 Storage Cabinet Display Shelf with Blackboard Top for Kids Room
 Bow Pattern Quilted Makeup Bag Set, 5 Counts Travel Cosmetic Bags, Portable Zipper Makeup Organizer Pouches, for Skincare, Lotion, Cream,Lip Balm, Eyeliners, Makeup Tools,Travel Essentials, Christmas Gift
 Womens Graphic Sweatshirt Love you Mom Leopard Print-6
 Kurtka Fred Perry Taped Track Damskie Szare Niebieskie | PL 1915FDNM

__________________________________________________

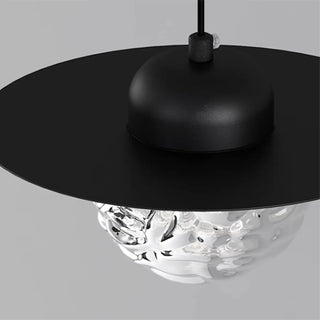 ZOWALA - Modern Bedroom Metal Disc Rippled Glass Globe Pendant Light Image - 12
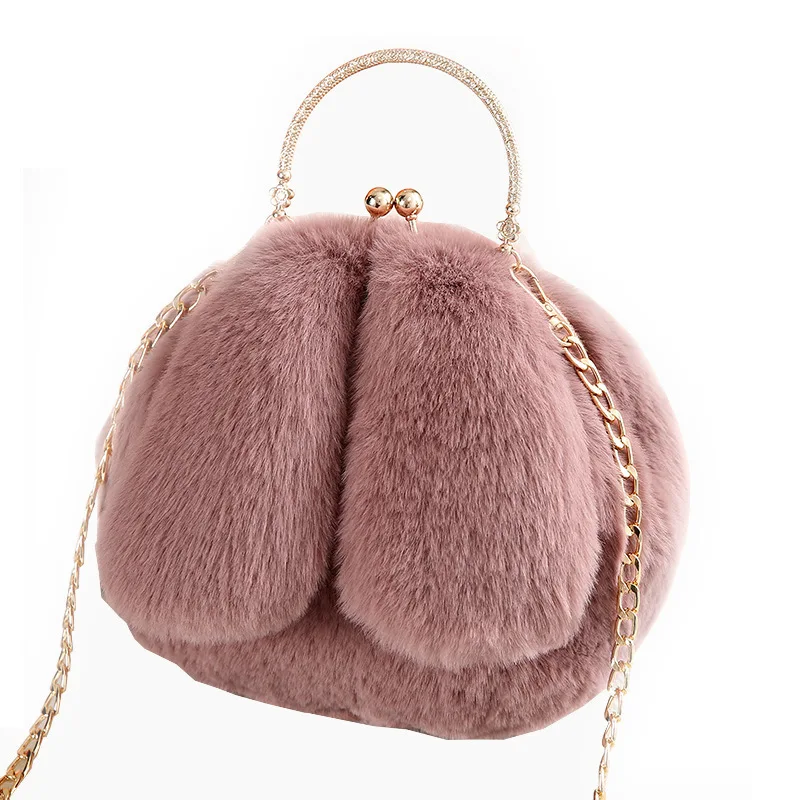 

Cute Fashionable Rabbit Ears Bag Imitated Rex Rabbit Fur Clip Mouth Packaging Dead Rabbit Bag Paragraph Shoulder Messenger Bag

__________________________________________________

TASK TO CARRY OUT: In the records above, the line with "Storage Cabinet Display" marks the start and the line with "Kurtka Fred Perry" marks the end; copy that stretch exactly, both lines included, and nothing else.

REPLY TO THE TASK:
 Storage Cabinet Display Shelf with Blackboard Top for Kids Room
 Bow Pattern Quilted Makeup Bag Set, 5 Counts Travel Cosmetic Bags, Portable Zipper Makeup Organizer Pouches, for Skincare, Lotion, Cream,Lip Balm, Eyeliners, Makeup Tools,Travel Essentials, Christmas Gift
 Womens Graphic Sweatshirt Love you Mom Leopard Print-6
 Kurtka Fred Perry Taped Track Damskie Szare Niebieskie | PL 1915FDNM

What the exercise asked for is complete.